This PR is an attempt to fix#8257 and fix#10985 (which is
duplicate-ish)
# Description
The parser currently doesn't know how to deal with colons appearing
while lexing whitespace-terminated tokens specifying a record value.
Most notably, this means you can't use datetime literals in record value
position (and as a consequence, `| to nuon | from nuon` roundtrips can
fail), but it also means that bare words containing colons cause a
non-useful error message.
![image](https://github.com/user-attachments/assets/f04a8417-ee18-44e7-90eb-a0ecef943a0f)
`parser::parse_record` calls `lex::lex` with the `:` colon character in
the `special_tokens` argument. This allows colons to terminate record
keys, but as a side effect, it also causes colons to terminate record
*values*. I added a new function `lex::lex_n_tokens`, which allows the
caller to drive the lexing process more explicitly, and used it in
`parser::parse_record` to let colons terminate record keys while not
giving them special treatment when appearing in record values.

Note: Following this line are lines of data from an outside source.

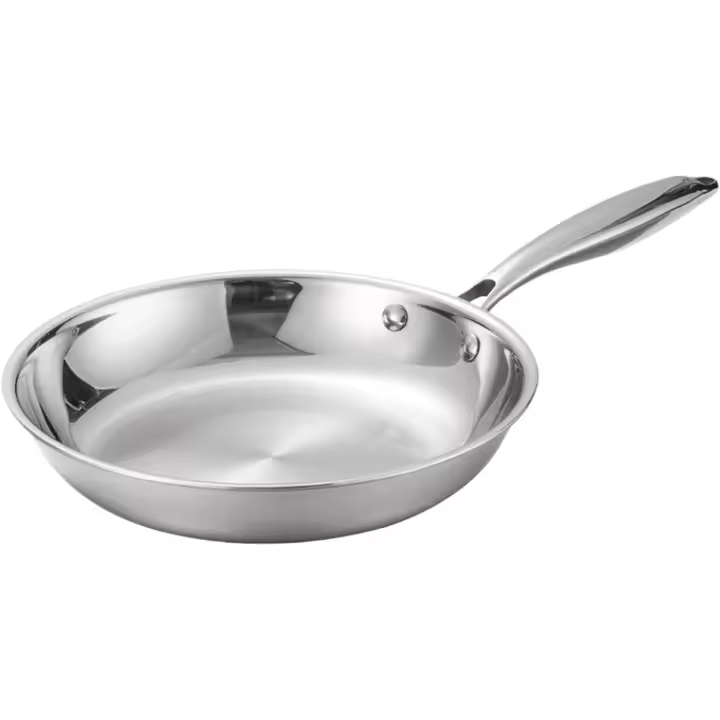 Sartén Jamie Oliver Cook Smart 28 cm - Sartén Maple inoxidable sin revestimiento, robustez, rápido, cocción uniforme, mango remachado, APTA todas Cocinas y lavavajillas, E31106 - 1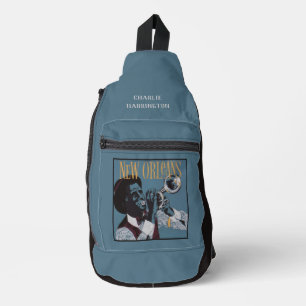New Orleans Music custom name Sling Bag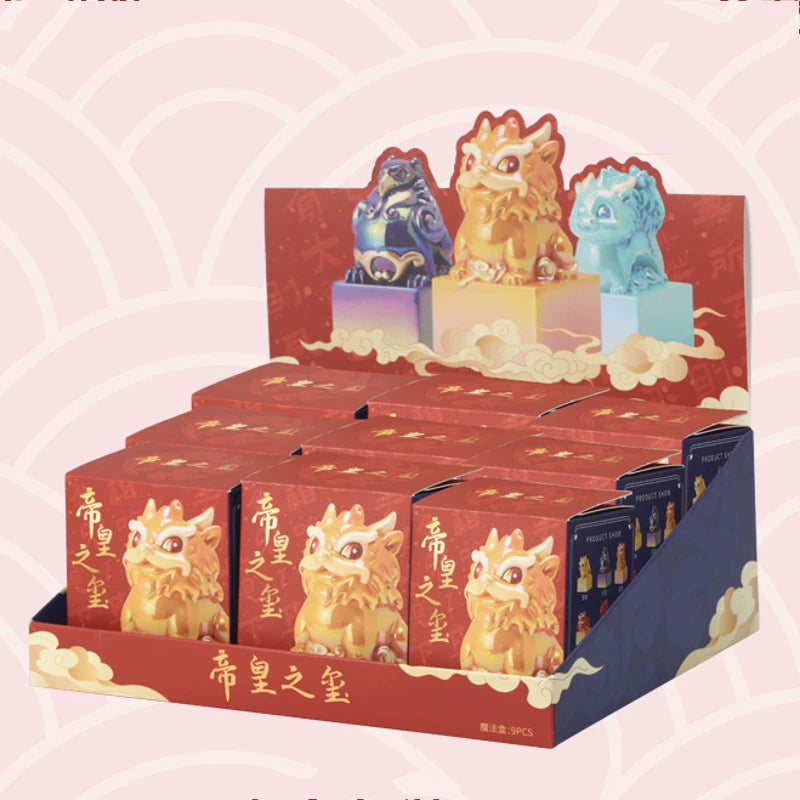 Dragon Jade Seal Series Blind Box - Collectible Miniature Figurines for Home Decor, Office Display & Gift Giving
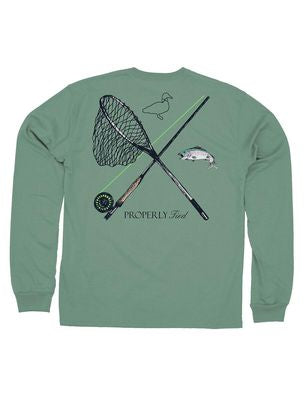 L/S Tee Trout Fishing- Ivy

This PR description previously said: *Another approach suggested in one
of the issues was to support an additional datetime literal format that
doesn't require colons. I like that that wouldn't require new
`lex::lex_internal` behaviour, but an advantage of my approach is that
it also newly allows for string record values given as bare words
containing colons. I think this eliminates another possible source of
confusion.* It was determined that this is undesirable, and in the
current state of this PR, bare word record values with colons are
rejected explicitly. The better error message is still a win.
# User-Facing Changes
In addition to the above, this PR also disables the use of "special"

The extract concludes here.